Up to 120 million new chip and pin cards will be winging there way to Christmas shoppers in time for the 1 January 2005 deadline, when retailers will be required to introduce the new system.
The new cards are designed to combat fraud by replacing magnetic strips with information stored on a microchip which customers must verify by keying in a four digit pin number.
IT consultant and fraud specialists, Detica, who commissioned the research said that it had come across incidents where retailers had refused to serve customers failing to remember their pin or even refusing to use it in the first place.
According to David Porter, Head of Fraud & Security at Detica, a lot needs to be done between now and December. He said: "Retailers need to act quickly to help their customers. Nearly three-quarters of the public are confident chip and pin will reduce theft and fraud once it’s explained to them, but retailers can’t afford to begin educating everyone individually at the busiest time of the shopping year. They need to begin a prominent education system in stores now. With 117 shopping days to Christmas, the clock is ticking."

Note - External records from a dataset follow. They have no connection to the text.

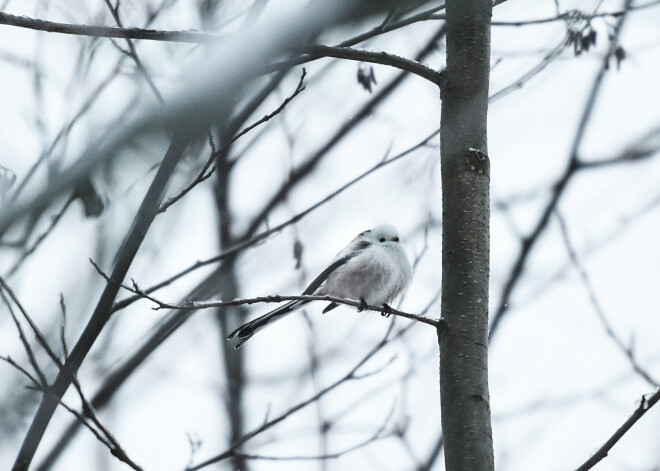 Arī pirmdien gaidāms saulains laiks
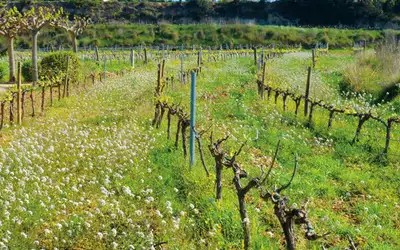 Gledens druer i Penedès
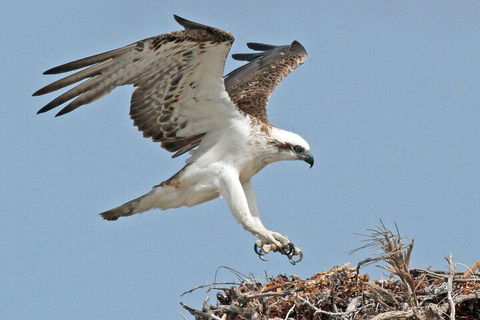 Pink Lake + Abrolhos Islands Nature Tour - Accommodation Broome 3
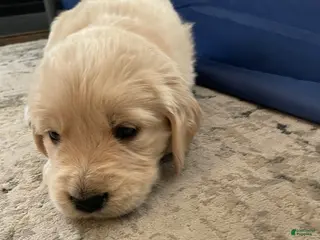 Golden Retriever dogs Golden Retriever Puppy 6 - Ad 28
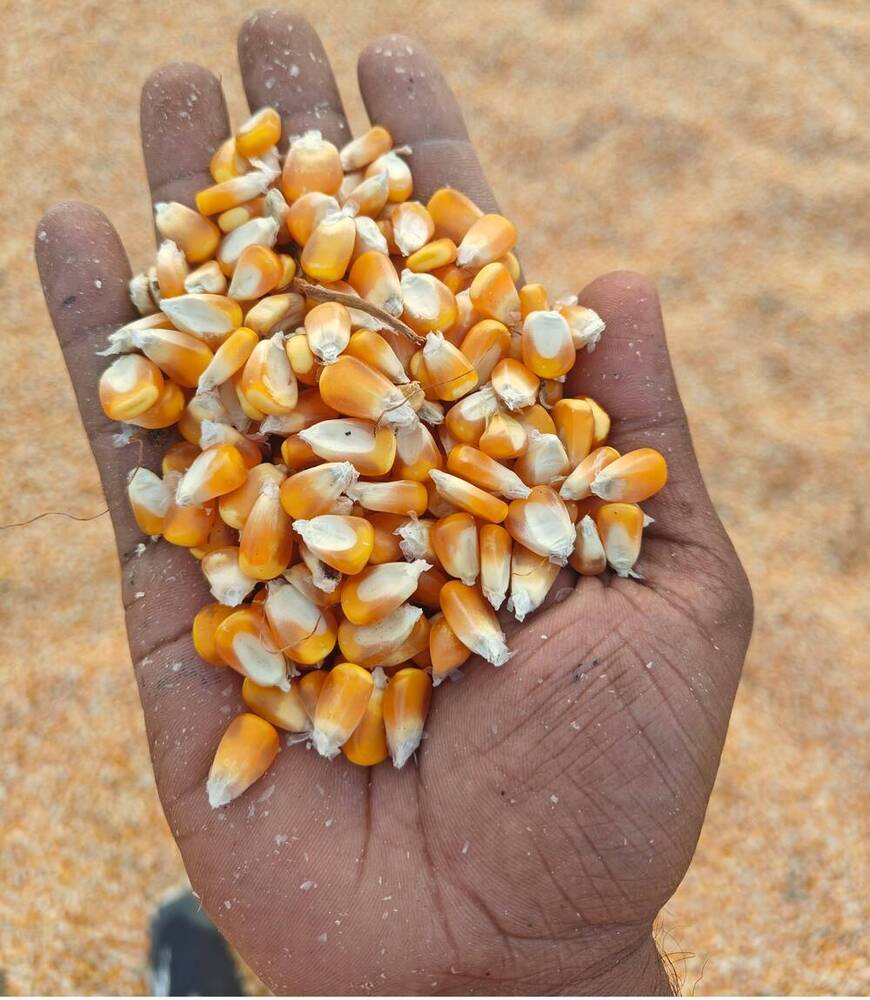 पशु चारा मक्का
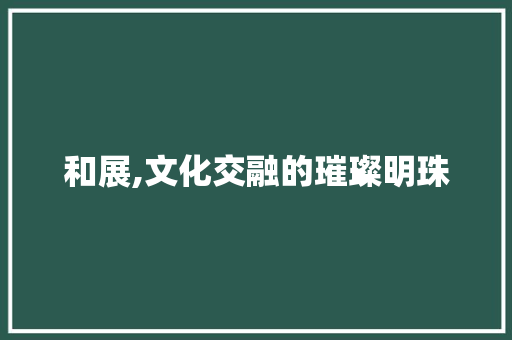 和展,文化交融的璀璨明珠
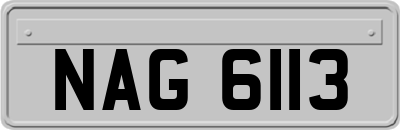 NAG6113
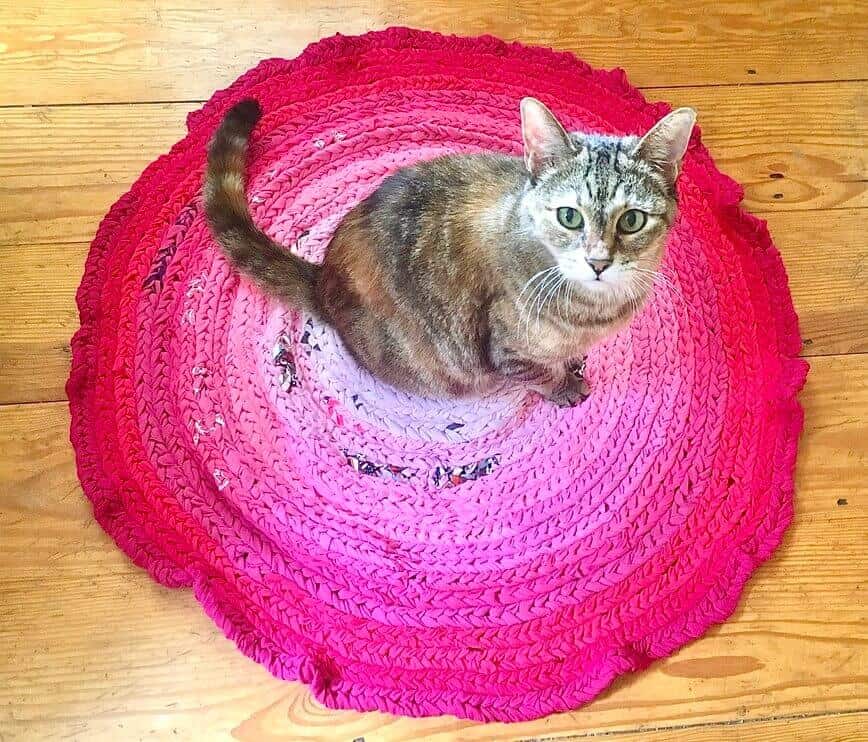 Our Pearly cat sitting on the rug.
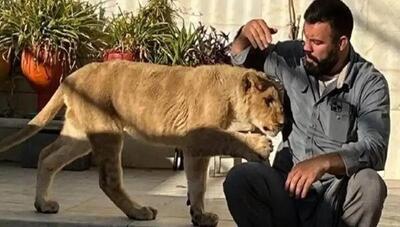 مرگ شیر «امیرعلی اکبری» در باغ وحش ارم؛ علت حادثه، درگیری با همنوع اعلام شد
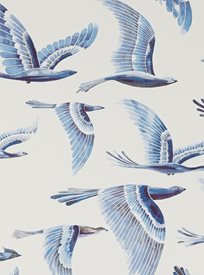 Manuel Canovas Hydra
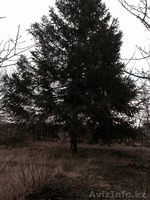 недвижимость в Болгари земельный участок местечко Добрева Чешма Варна - Изображение #6, Объявление #1243107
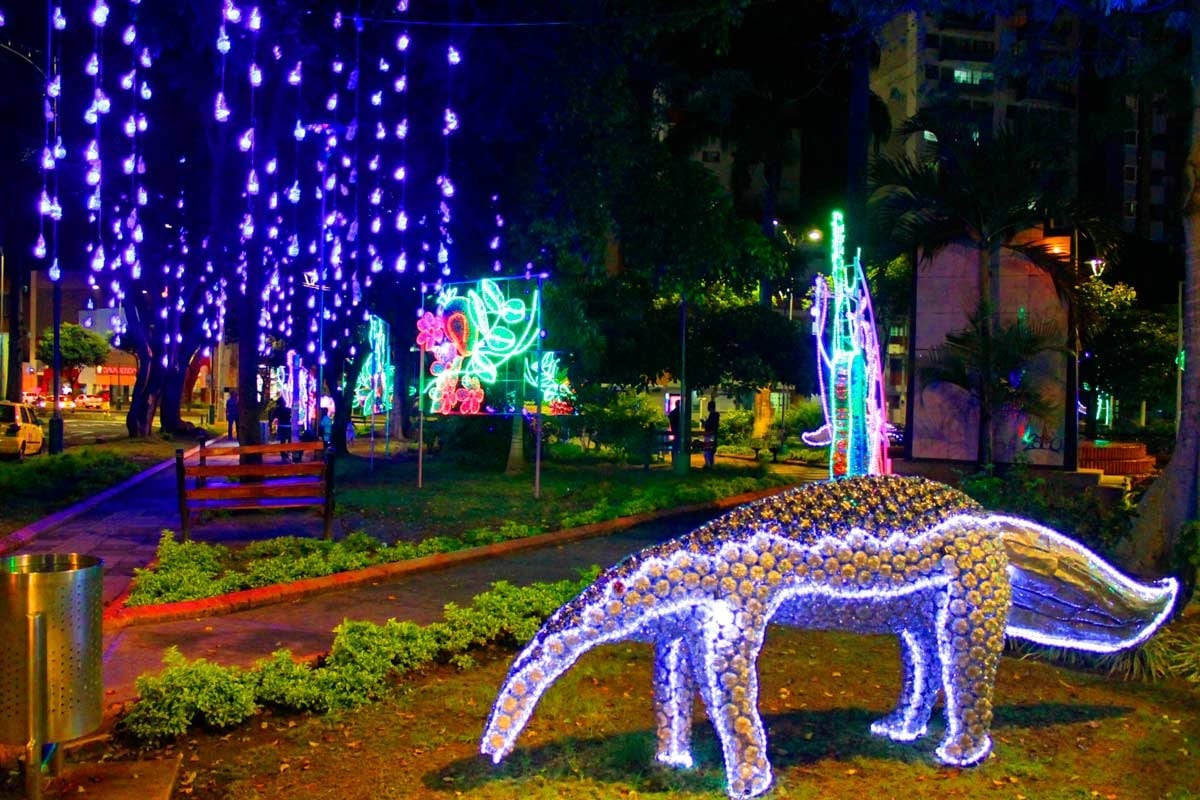 Denuncian irregularidades en contrato de alumbrado navideño en Bucaramanga: son $7.000 millones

With the number of pin numbers to remember set to increase, analysts are also worried that cardholders may change all their pins to one number or share their pins, a danger that could adversely increase the likelihood of fraud.
At present among those who have more than one pin or security code to remember, almost half pin-share for two or more things requiring a code.
With one in three people affected by card fraud and a cost to the UK of £425m in 2002, Detica are still confident that the new system will significantly reduce card crime.
However there are those who remain cautious about the immediate impact of chip and pin. A chip and pin spokeswoman said of Detica’s findings: "This contradicts all the research we have done. Transaction times are reduced with chip and pin, not necessarily in the first instance, but beyond that it is faster to use a pin than a signature."